Spin training is required and is provided to the programs CFI applicants. After the initial exposure to spins and receipt of their spin endorsement, CFIs don’t normally receive additional spin training or spin proficiency opportunities, and none is required by FAR 61.183.
One of the accident CFI’s current students who had just completed her solo flight related an event that happened during dual instruction about 2 weeks before the accident. The student stated that they were practicing slow flight. Slow flight requires the flaps to be in the landing position, the engine to be at a fairly high power setting, and airspeed maintained at 44 knots. During the transition back to normal cruise the engine cut out, the left wing dropped, and they entered a spin making 1 complete rotation. The CFI regained control of the airplane by adding full power, full right rudder, and opposite aileron. After they regained normal flight, the engine continued to run rough. The CFI restarted the engine and they returned to the airport.

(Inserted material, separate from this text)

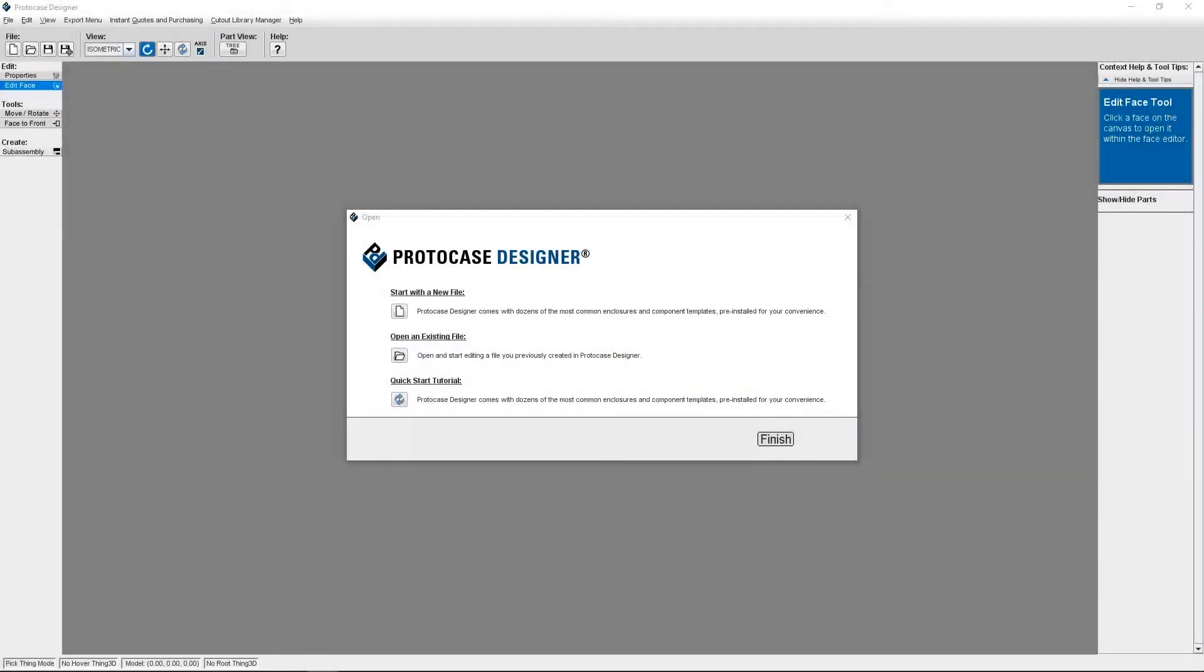Hi everyone, it's Allison from the ProtoCase Designer team. So today I'm going to talk to you about adding an SVG file to your design for graphics in ProtoCase Designer.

The UVU Aviation Science Department has taken the following actions as a result of this accident.
-All flight training was halted until a full review of the training operations was completed.
-All CFI’s received additional spin awareness training.
-An agency outside of UVU conducted a Safety Program Audit.
-A certified safety professional was hired into the Director of Safety position.
-The Chief Instructor responsibilities have been modified to provide a supervisory role over 3-4 assistant chief instructors, and no longer directly manages the commercial and multi-engine program.